I did actually consider body slot affinities, but yes, its definitely up to interpretation.



			
				Ghostknight said:
			
		

> Vest - affinity is for class ability improvements so cost should be multiplied by 1.5




I figured luck enhancements, if anything, would be general enough to be considered a class ability improvment.  If not, what slot would be appropriate?  Also, are there any enhancements other than the Vest of Escape and Druid's Vestments that can be put in this slot?  And where would the luck enhancements go?



			
				Ghostknight said:
			
		

> Headband - affinity is for Mental improvement and ranged attacks- unsuure if wisdom, charisma add ons fall into this categpry (both the standard items for this would seem to indicate not (Periapt for Wisdom, Cloak for Charisma).

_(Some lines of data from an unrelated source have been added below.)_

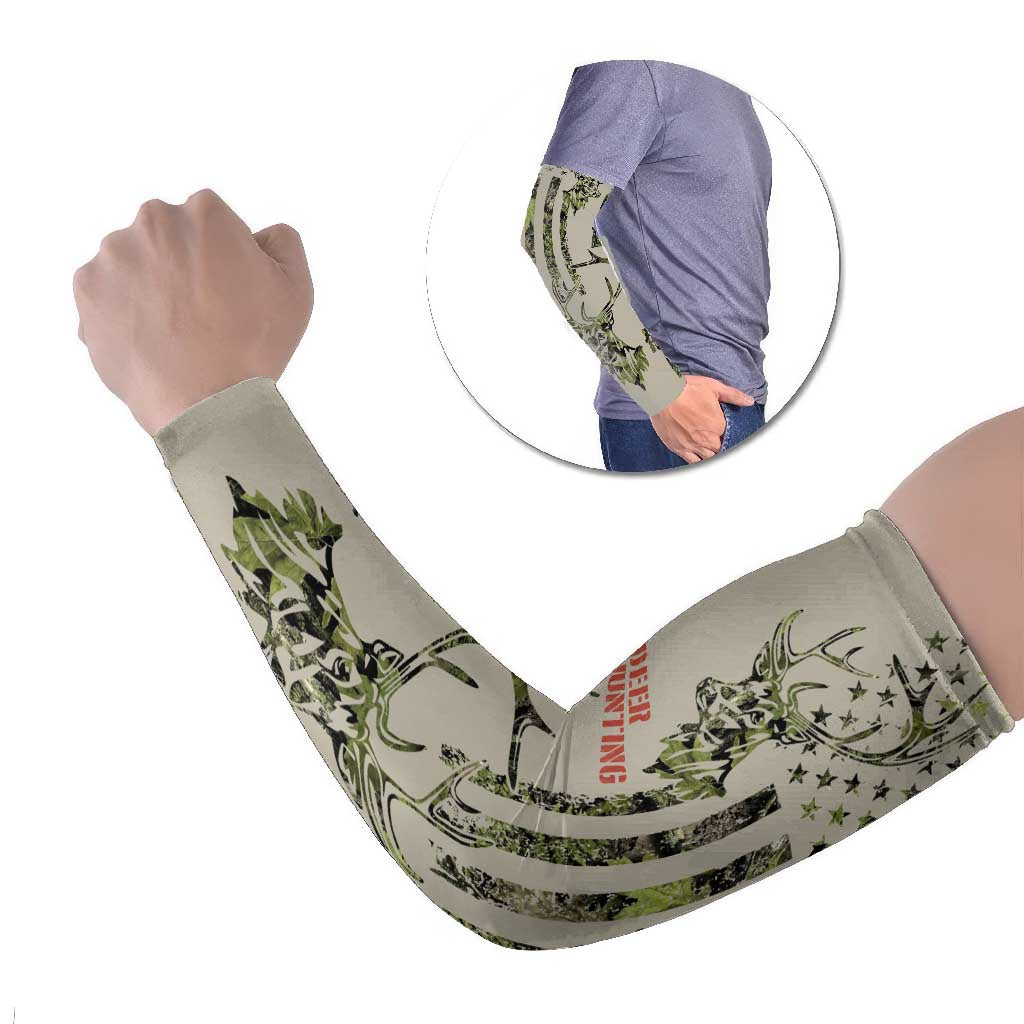 Deer Skull Camouflage Arm Sleeves American Hunting Culture in Forest Green and Earth Tones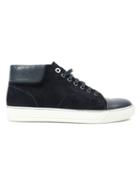 Lanvin Hi-top Toe Cap Sneakers, Men's, Size: 10, Blue, Calf Leather/rubber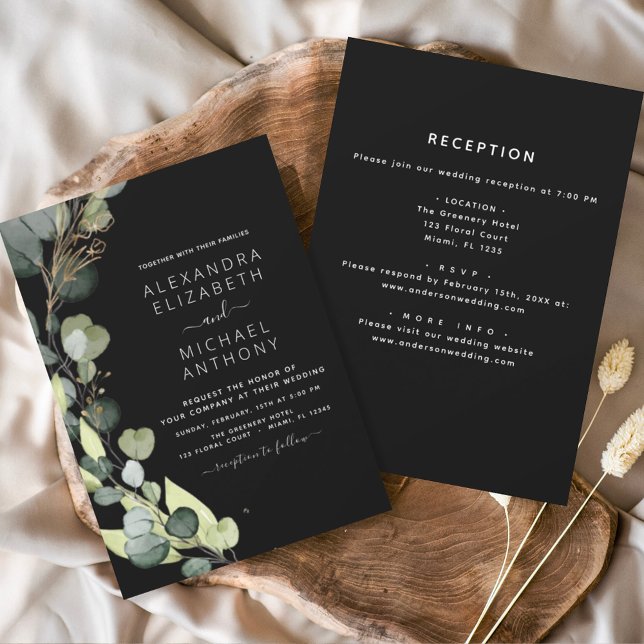 Convites Casamento preto de Eucalyptus Greenery (Criador carregado)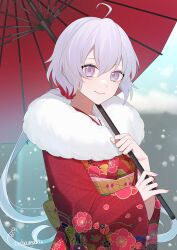 Rule 34 | 1girl, closed mouth, cowlick, floral print, floral print kimono, fur-trimmed kimono, fur trim, highres, holding, holding umbrella, japanese clothes, kimono, light smile, long hair, long sleeves, looking at viewer, low twintails, oil-paper umbrella, purple eyes, purple hair, senki zesshou symphogear, signature, solo, tebamaru, twintails, umbrella, upper body, yukine chris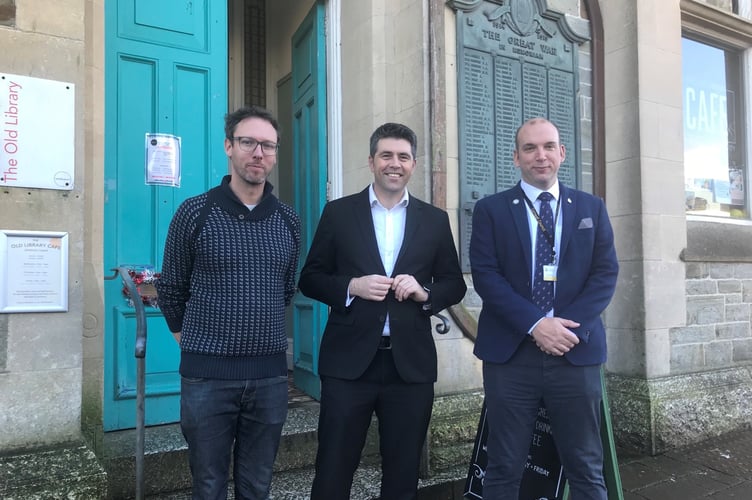 Fin Irwin, Director at IntoBodmin, Scott Mann MP and Councillor Louis Gardner, Cornwall Council portfolio holder for economy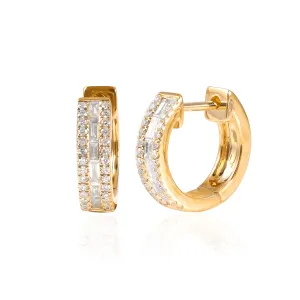 Baguette Diamond Huggies
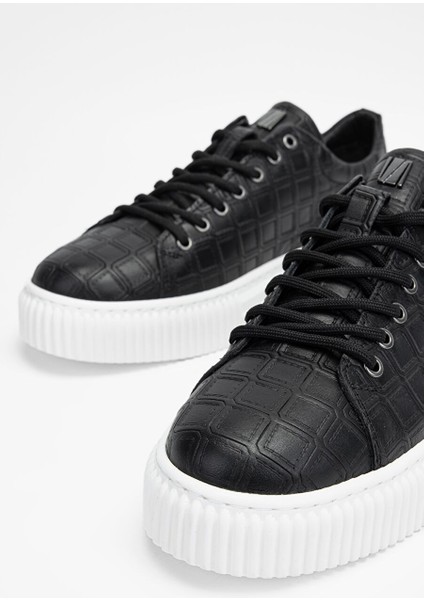 Erkek Siyah Hakiki Deri Sneakers & Spor Ayakkabı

Somewhere in the rules, I can't remember where exactly, they refer to strength, dexterity and constitution as being physical stats, and intelligence, wisdom and charisma being mental stats.  I don't think "mental" means Intelligence only, and could in fact include the other enchantments, such as enhancements to wisdom, charisma.  The other add ons, the helm of telepathy and circlet of persuasion, or course, are straight out of the DMG, so I would assume they are ok... or am I missing something?



			
				Ghostknight said:
			
		

> Belt - Physical enhancement - Does natural armor fall into this category? (Isn't it rather a protection function?)

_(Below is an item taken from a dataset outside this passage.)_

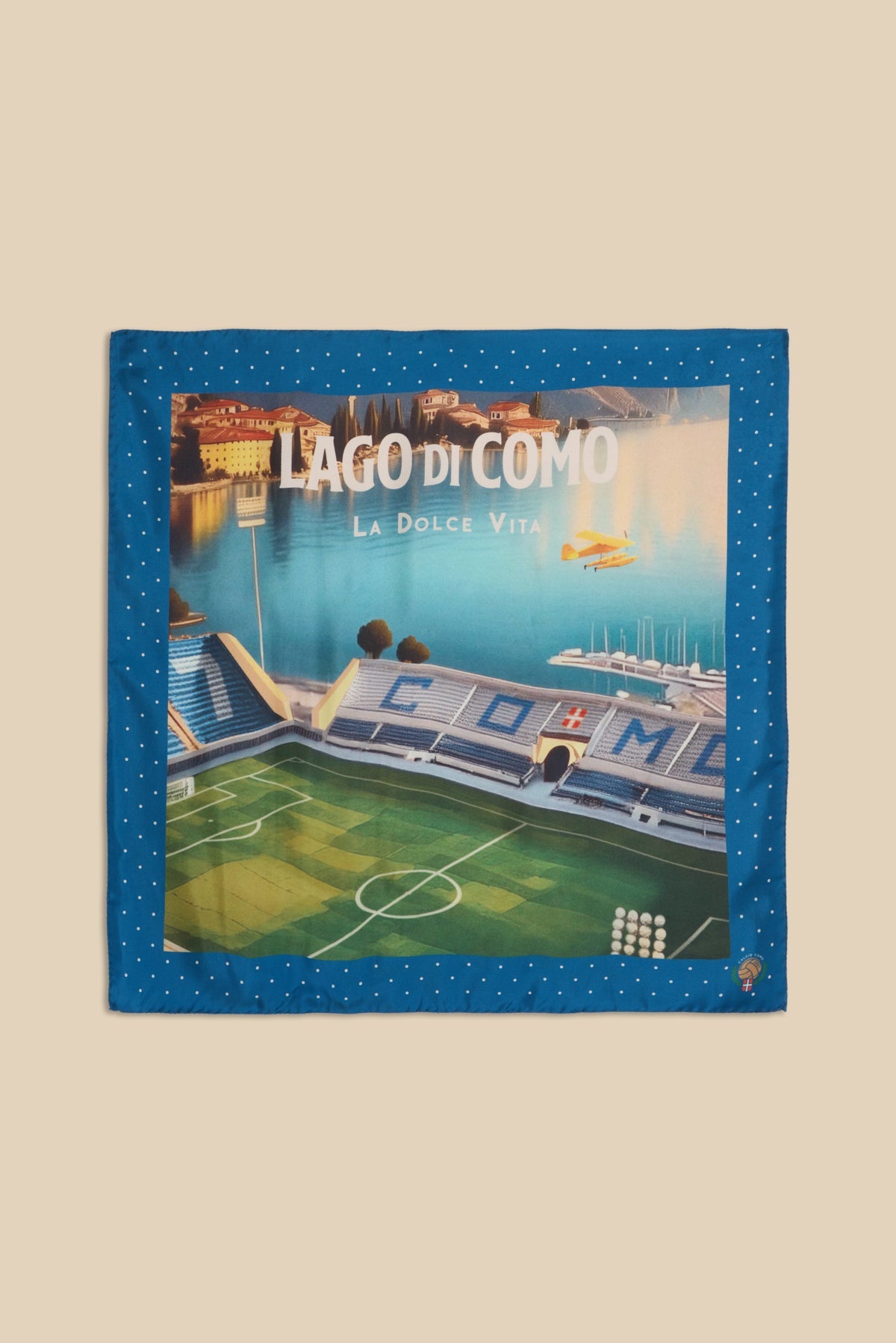 Printed Silk Handkerchief with Sinigaglia Stadium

Yes, I thought natural armor could be considered a physical enhancement.

But I leave the final decision up to Paxus.

In any case, almost every enchantment is already multiplied by 1.5 (because of multiple enchantments on the same item), and there's some money left over too, so switching slots around will not have much impact. Except for the time to do them, that is!  Let me know what the ruling is.

Side note... I have no epic items at all.  I hope that doesn't make my characters too ineffective.  What do you guys think?  Should I switch stuff around, dropping all the pre-epic enchantments, for some epic enchantments?


----------



## Paxus Asclepius (Jun 23, 2004)

The headband and belt seem fine; I'm not sure that anything that isn't definitively rogueish can count as a class enhancement for you.


----------



## silentspace (Jun 23, 2004)

Paxus Asclepius said:
			
		

> The headband and belt seem fine; I'm not sure that anything that isn't definitively rogueish can count as a class enhancement for you.




OK, I'll switch the vest enchantments to somewhere else.

About the vest, would Pearls of Power count as class enhancements (a wizard's only class abilities are spellcasting and the ability to summon a familiar)?  Pearls of power are unslotted, at a cost of (spell level squared x 1,000).  So would a Vest of Power cost (spell level squared x 500) for the first 'pearl', and (spell level squared x 500 x 1.5) for each additional 'pearl'?  That seems to follow the rules, unless Pearls of Power aren't class enhancements after all...?

Going by the Vest of Escape example, I think skill bonus items can also count as 'class enhancements', so I could make a vest of Spellcraft, for example, but without Epic Spellcasting I don't see much use for that.  Maybe a Vest of Concentration so she can take a bigger hit and still get a spell off?  Could it be a bonus to any class skill?

Or if none of this is allowed, then we can just forget the vest slot too.


----------



## Paxus Asclepius (Jun 23, 2004)

I'd allow the Vest of Power, and likewise of Concentration; some class skills have a better slot, such as headband for a knowledge skill.


----------



## Isida Kep'Tukari (Jun 23, 2004)

I'm a little curious as to what enchantments are on Anya's items to get her the monk bonuses to AC (both monk and Wisdome).  Did I miss something?  For I am genuinely confused as to where they came from.


----------



## Goddess FallenAngel (Jun 24, 2004)

From the Monk's Belt, perhaps?.... *doesn't Anya have one?...*


----------



## Isida Kep'Tukari (Jun 24, 2004)

I didn't see it, but then again Anya's special belt and boots and whatnot don't have all their qualities listed, so I cannot say.


----------



## Goddess FallenAngel (Jun 24, 2004)

They do a little further down the character sheet.


----------



## silentspace (Jun 24, 2004)

Updated Anya, and corrected some errors while I was at it.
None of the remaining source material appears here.